I definitely think we need to talk to ruby-core and open it up to the
community, however, to see if there are cases where people depend on
critical= actually descheduling. Shri: can you propose making the
“global mutex” definition of critical the official one?

  • Charlie

Jim D. wrote:

-W level sets the warning level. Internally, it sets $VERBOSE to true if -W, -W1 sets $VERBOSE to false and -W0 sets $VERBOSE to nil. If $VERBOSE is nil, no warnings (even those called by Kernel.warn) will be printed.

From what I can gather, -v, --version, -w and -W (-W with no level) are equivalent and all set $VERBOSE to true.

Charlie or Tomas, can you expand on that, or correct me if my understanding is incorrect?

Correct.

Tomas M. wrote:

No, Ruby doesn’t have any such warning filter. You can place a flag on RubyContext (via GetOrCreateLibraryData) that remembers for the current runtime that the warning has already been reported.

I’d expect to do the same in JRuby; it would be a one-time warning for
sure. Basically advice on first use of critical= that “you shouldn’t be
doing that, but I’ll let you”.

  • Charlie

I asked ruby-core whether descheduling other threads is by spec, but no
one other than you replied. Any suggestions on how to nudge others to
consider it? If you want to reply to that thread and provide JRuby’s
vote of confidence for the idea, that might help.

We should nail the complete behavior before taking it to ruby-core. I
have written up a draft at
Shri Borde's WebLog | Microsoft Learn.
Please take a look and comment on whether it works for JRuby. We can
move it to some wiki if we need to iterate on it…

Thanks,
Shri

Thanks for continuing the thread on ruby-core. Let’s see how it goes.
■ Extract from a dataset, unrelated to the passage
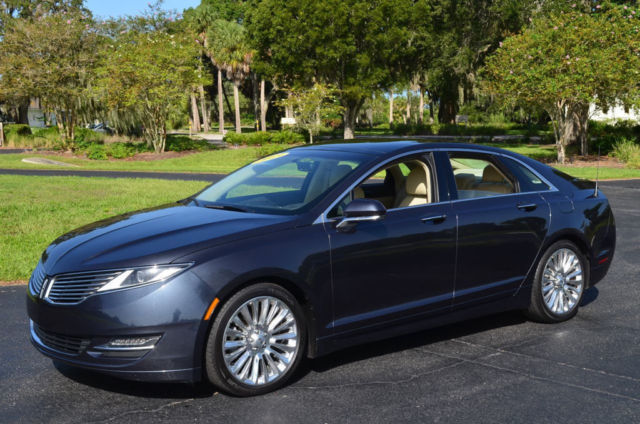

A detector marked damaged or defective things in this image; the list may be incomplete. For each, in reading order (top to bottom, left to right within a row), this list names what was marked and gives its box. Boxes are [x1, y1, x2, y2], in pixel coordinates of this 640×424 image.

crack in pavement [86, 400, 195, 422] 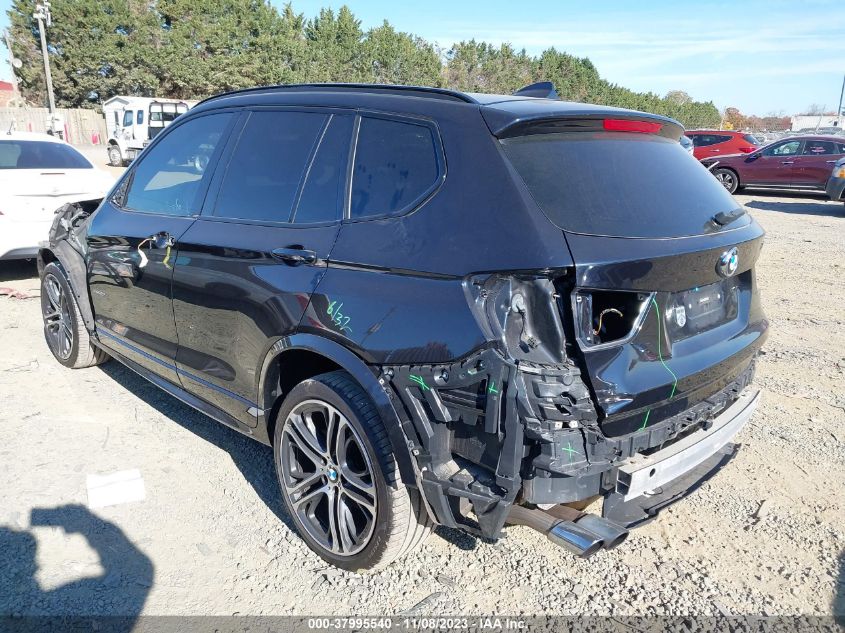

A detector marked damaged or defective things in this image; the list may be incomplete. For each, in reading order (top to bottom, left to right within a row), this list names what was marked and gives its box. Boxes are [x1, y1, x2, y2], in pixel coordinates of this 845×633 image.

missing taillight [572, 290, 648, 346]
damaged rear bumper [380, 348, 756, 540]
There are couple of minor issues with Thread.stop releasing the lock:

  • The code will be hard to read as most people probably don’t realize
    that Kernel#stop releases the lock.
  • Currently, Kernel#sleep does not release the lock. At the least, it
    should be consistent with Thread.stop.
  • If the programmer wants to release the lock before stopping the
    thread, its trivial for the programmer to call Thread.critical=false
    It’s mostly a question of aesthetics and simplicity. The more
    Thread.critical= can be locked down, the more understandable it will be.
    But none of these are deal breakers, so I don’t feel too strongly.
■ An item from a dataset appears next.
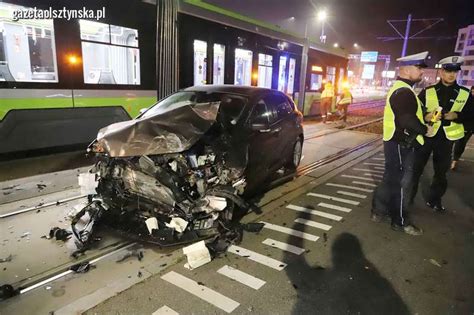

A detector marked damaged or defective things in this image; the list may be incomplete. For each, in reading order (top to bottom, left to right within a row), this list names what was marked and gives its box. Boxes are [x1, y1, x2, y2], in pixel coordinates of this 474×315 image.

crushed car hood [97, 102, 222, 158]
damaged car [74, 86, 304, 252]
About reentrancy, I am proposing that it not be reentrant (unless an
implementation choses to support that behavior). So I think we are on
the same page. Reentrancy would normally have been a good thing, but
since it looks like an assignment, it would read very weirdly in the
case below.
Thread.critical=true
Thread.critical=true # if Thread.critical= was reentrant, this would
increment the counter to 2
Thread.critical=false
puts Thread.critical # would be weird if this printed true
Thread.critical=false

Allowing an arbitraty thread to do Thread.critical=false has the same
issue as reentrancy. If Thread.critical stayed true after some thread
did Thread.critical=false, it would be very misleading. Since the thread
cannot actually set Thread.critical to false, it should be an error.
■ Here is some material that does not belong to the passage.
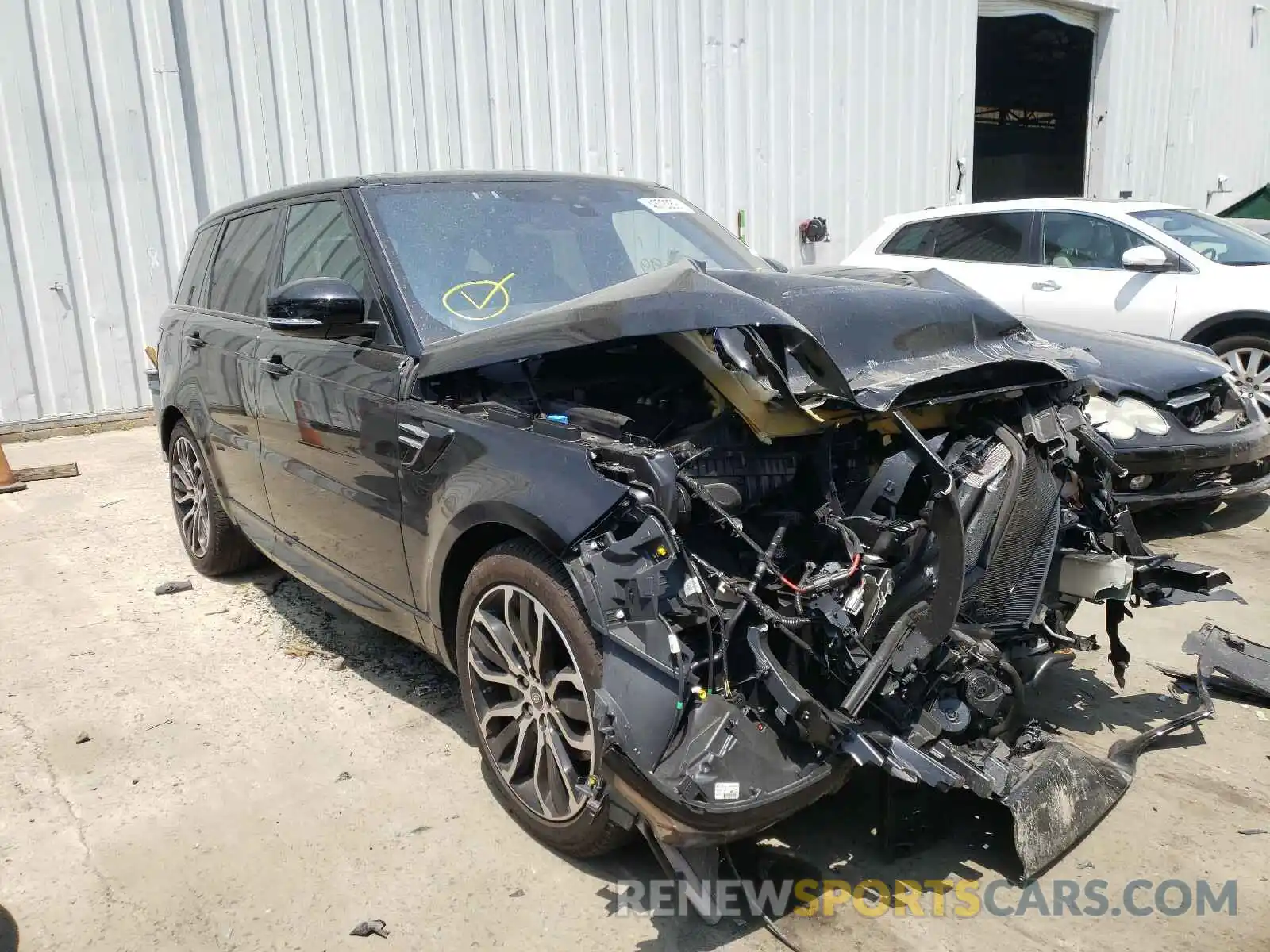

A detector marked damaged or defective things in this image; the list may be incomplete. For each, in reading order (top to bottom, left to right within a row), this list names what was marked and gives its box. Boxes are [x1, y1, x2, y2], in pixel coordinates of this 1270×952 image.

About thread terminating while critical is undefined, some
implementations may be able to know if the dying thread still holds the
lock, but some may not. Especially in the hosted case where some program
is using Ruby as a scripting engine, the hosting app may have created
the thread and run some Ruby snippet on it which entered the global
critical section, but forgot to leave it. In that case, it would be too
burdensome to require that the Ruby implementation deal with this case.
Hence, the proposal of leaving this undefined.